Kripto Paraların Yükselişi: Trump Etkisi
Eylül ayında finansal piyasalar, Donald Trump’ın yeniden başkan seçileceğine dair beklentiyi fiyatlamaya başladı. Bu durum özellikle kripto para birimlerini etkiledi. Wisconsin Eyaleti Emeklilik Fonu Portföy Yöneticisi Tunç Dayıoğlu’na göre, Bitcoin’in değeri Trump’ın seçimi kazanma ihtimalinin güçlenmesiyle arttı. Bu durum, Bitcoin’in 106 bin dolar seviyelerine ulaşmasına neden oldu. Ancak daha sonra 95-100 bin dolar arasında dengelendi. Trump’ın kripto paralara olan destek ve yeni girişimleri sektörde ilgiyi artırdı. Özellikle, Trump’ın aile üyeleriyle birlikte kurduğu World Liberty Financial adlı kripto para girişimi, yatırımların artabileceğine işaret ediyor.
Altın mı, Bitcoin mi?
Tunç Dayıoğlu’na göre, Bitcoin artık kurumsal yatırımcılar tarafından altının alternatifi olarak görülüyor. Bitcoin’in yazılımında yer alan ve toplamda 21 milyon adetle sınırlı olması, arzın azalmasıyla talebin artacağını ve fiyatların yükseleceğini gösteriyor. Dayıoğlu, Bitcoin’in sınırlı arzı nedeniyle ilerleyen yıllarda daha fazla değer kazanabileceği görüşünde.

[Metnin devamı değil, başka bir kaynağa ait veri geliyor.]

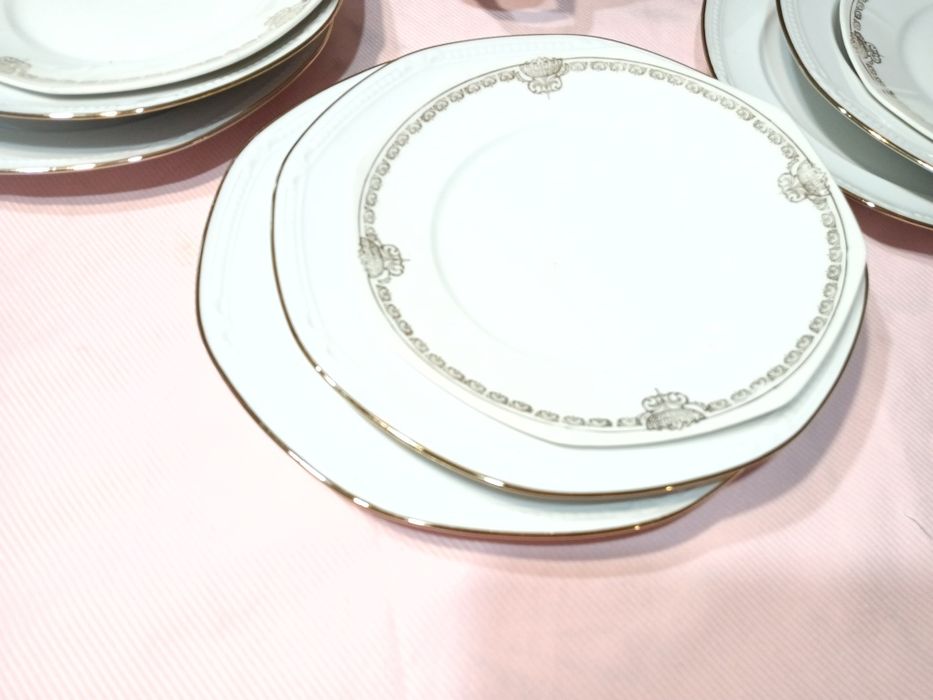 Баварски сервиз нежен снежно бяло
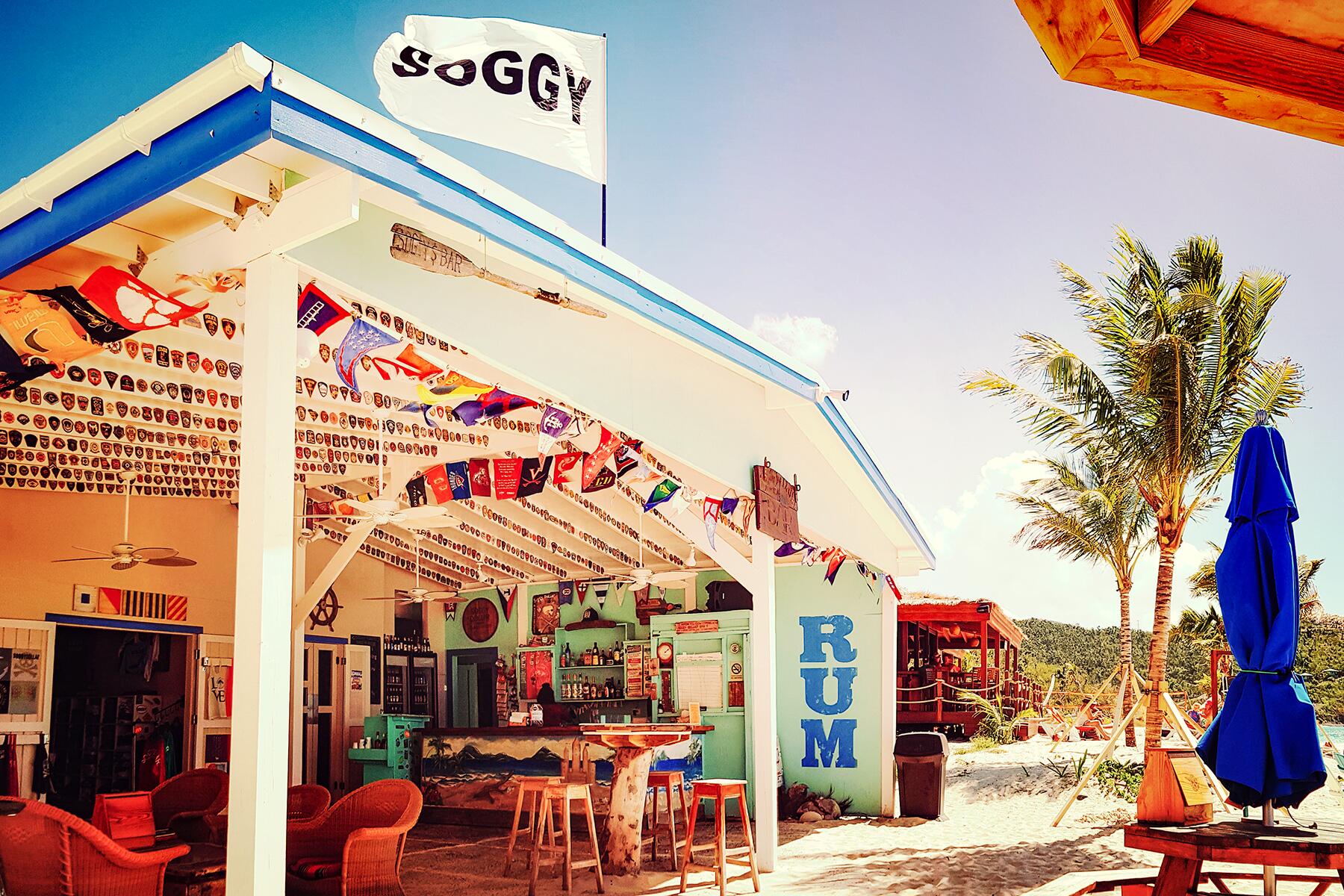 14_BarsThatInventedClassicCocktails__PainkillerSoggyDollarBar_14 20180312_104618_2b (1)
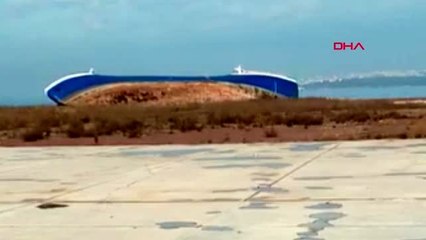 Yalova'da fırtınada sürüklenen gemi yan yattı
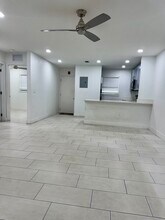 17255 SW 95th Ave, Unit J226 in Palmetto Bay, FL - Building Photo - Building Photo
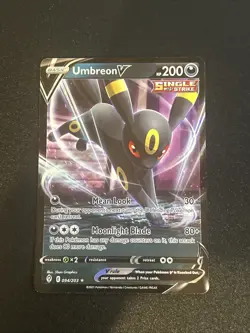Pokemon TCG Umbreon v Evolving Skies Holo Ultra Rare Card 094/203 Nm - Image 1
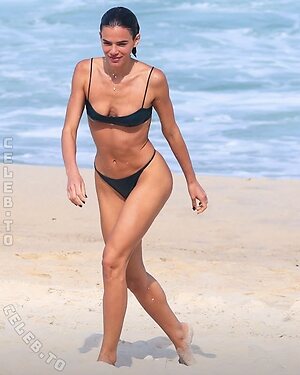 Bruna Marquezine photo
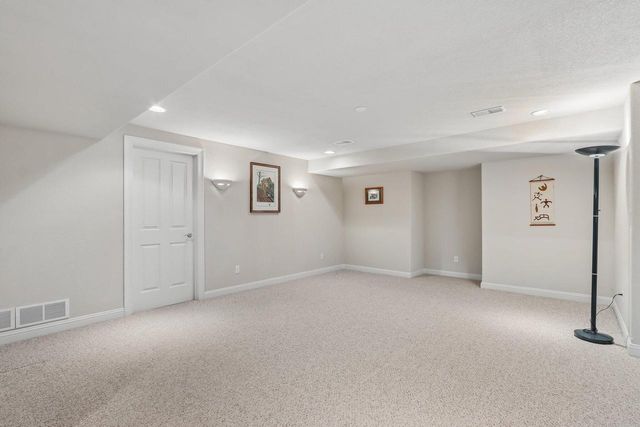 749 Prestwick COURT, Oconomowoc, WI 53066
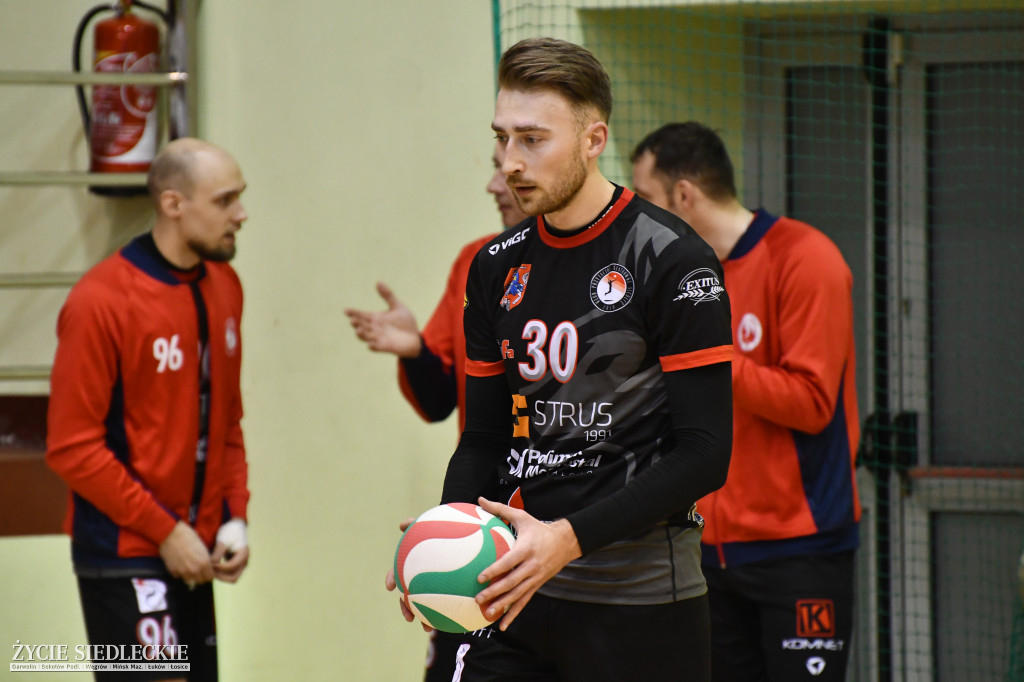 KPS II lepszy w starciu imienników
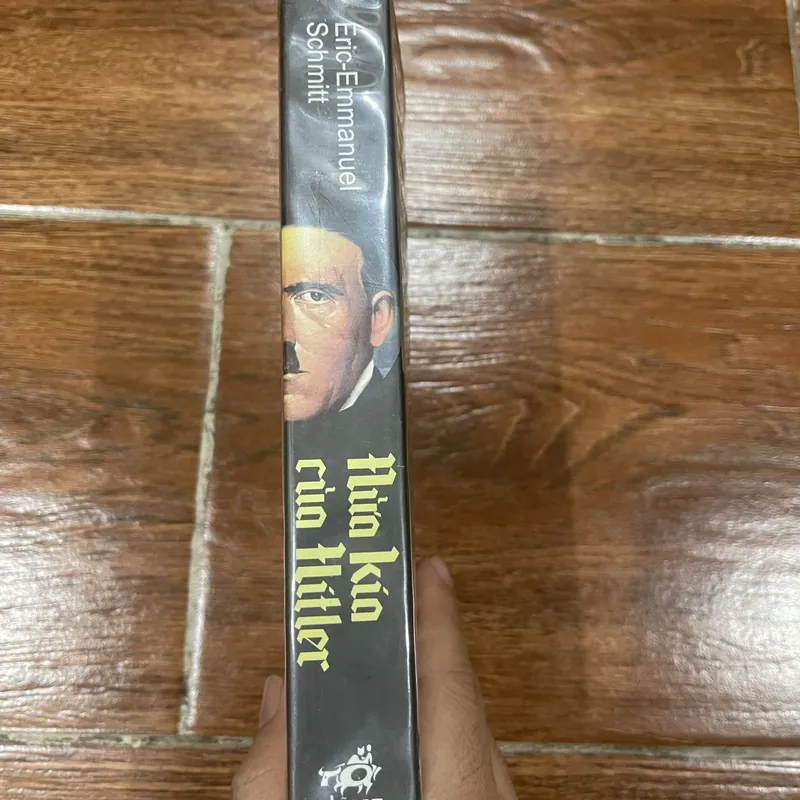 Nửa kia của Hitler (k3) 407078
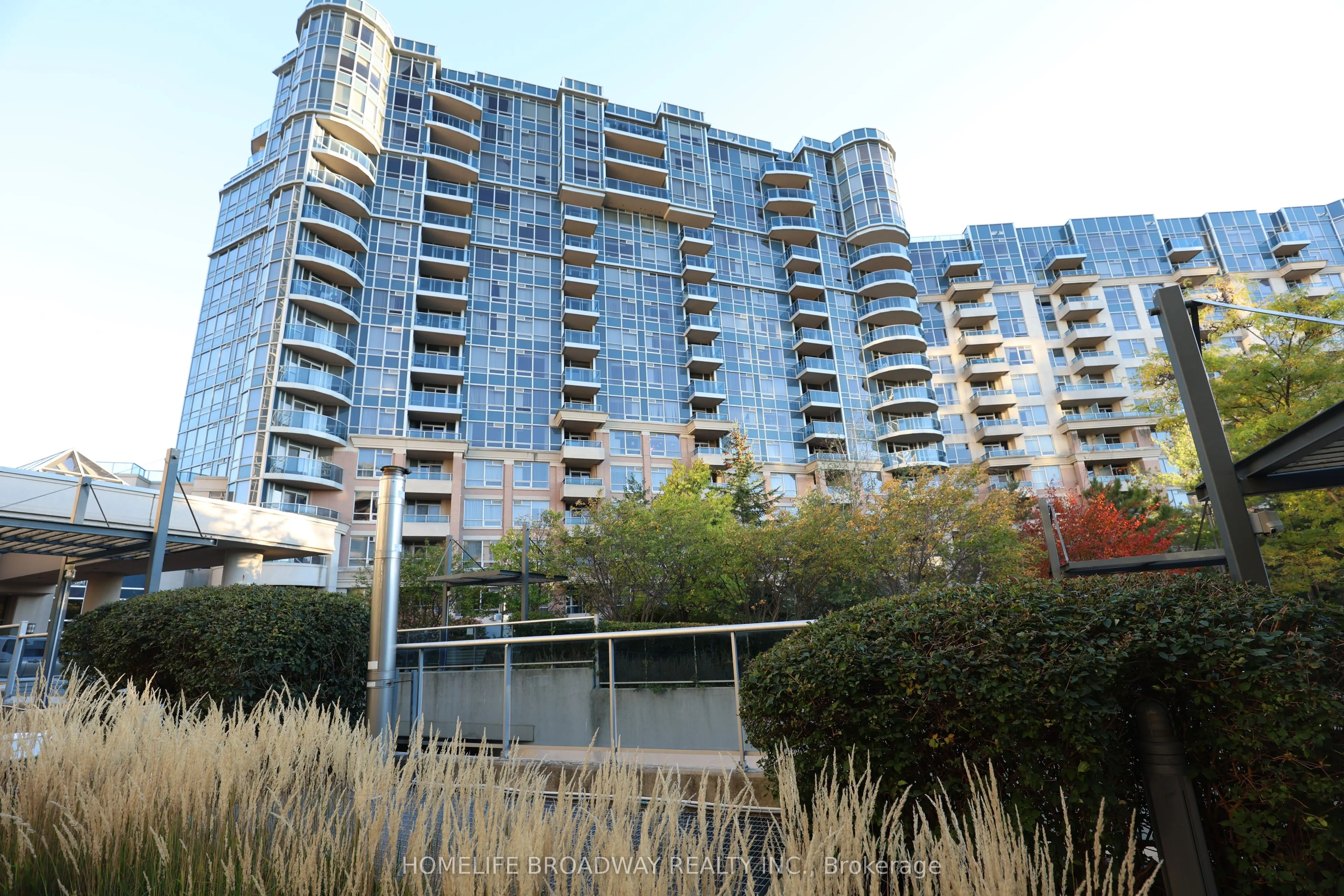 23 Cox Boulevard, #180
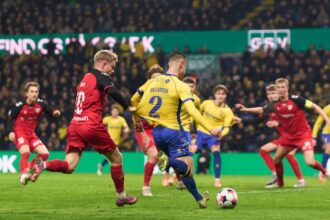 Fredericia obtine victorie uluitoare impotriva lui Brondby cu noua jucatori dupa opt infrangeri consecutive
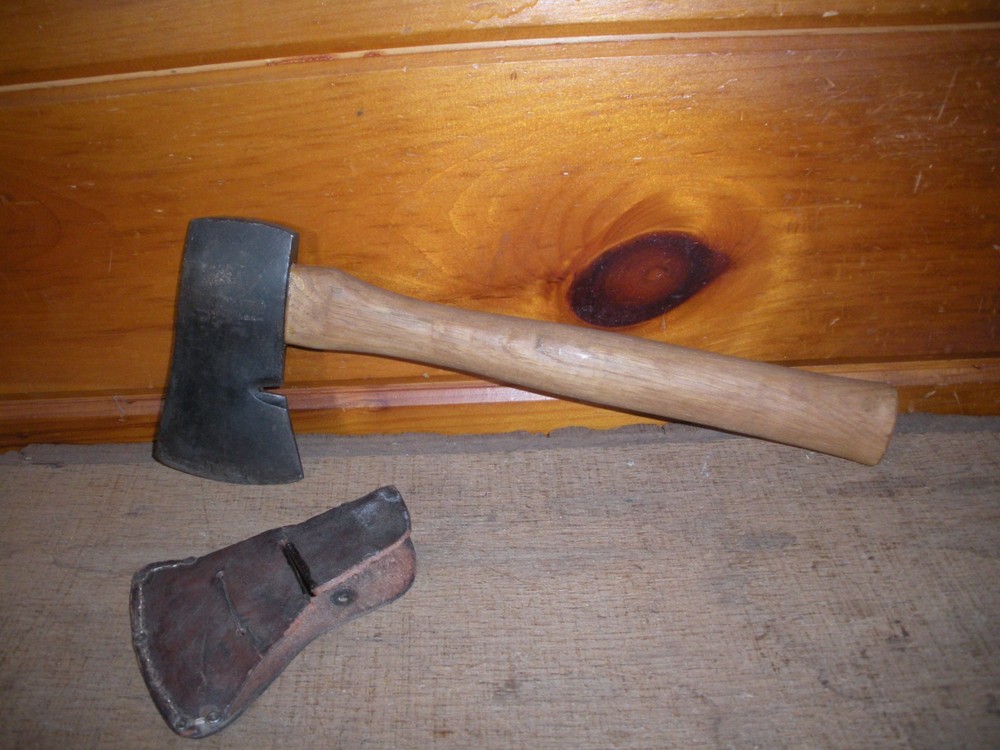 Vintage WINCHESTER Hatchet with Nail Puller / Collector Grade Hatchet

2025 Yılı İçin Yatırım Stratejileri
Dayıoğlu, 2025 yılı için yatırımcıların risklerini dağıtılmış bir portföyle yönetmesi gerektiğini belirtiyor. Hisse senetleri, hazine bonoları, altın ve kripto para birimlerinin portföyde dengeli bir şekilde yer almasını öneriyor. Hisse senetlerinin faiz indirimlerinin devam etmesi durumunda pozitif bir performans gösterebileceğini tahmin eden Dayıoğlu, Bitcoin ve diğer dijital varlıkların da cazip yatırım fırsatları sunabileceğini ifade ediyor.
ABD Ekonomisi ve 2025 Beklentileri
Trump’ın tekrar başkan seçilmesiyle Amerikan ekonomisinin büyüme potansiyelinin artabileceği düşünülüyor. Ancak, bazı politikaların enflasyonu artırıcı etkileri ve FED’in faiz oranlarını beklenildiği gibi düşürememe riski dikkat çekiyor. Dayıoğlu’na göre, 2025 yılında Amerikan ekonomisinde iki güç dengesi çarpışacak: Trump’ın büyümeyi destekleyen politikaları ile enflasyona etkisi. Dayıoğlu, 2025 yılında ABD ekonomisinin büyüme trendini sürdürerek beklentilerin üzerine çıkabileceği görüşünde. Bu süreçte yatırımcılar, dengeli bir portföy stratejisiyle büyüme fırsatlarından yararlanabilir ve risklerini kontrol altında tutabilir.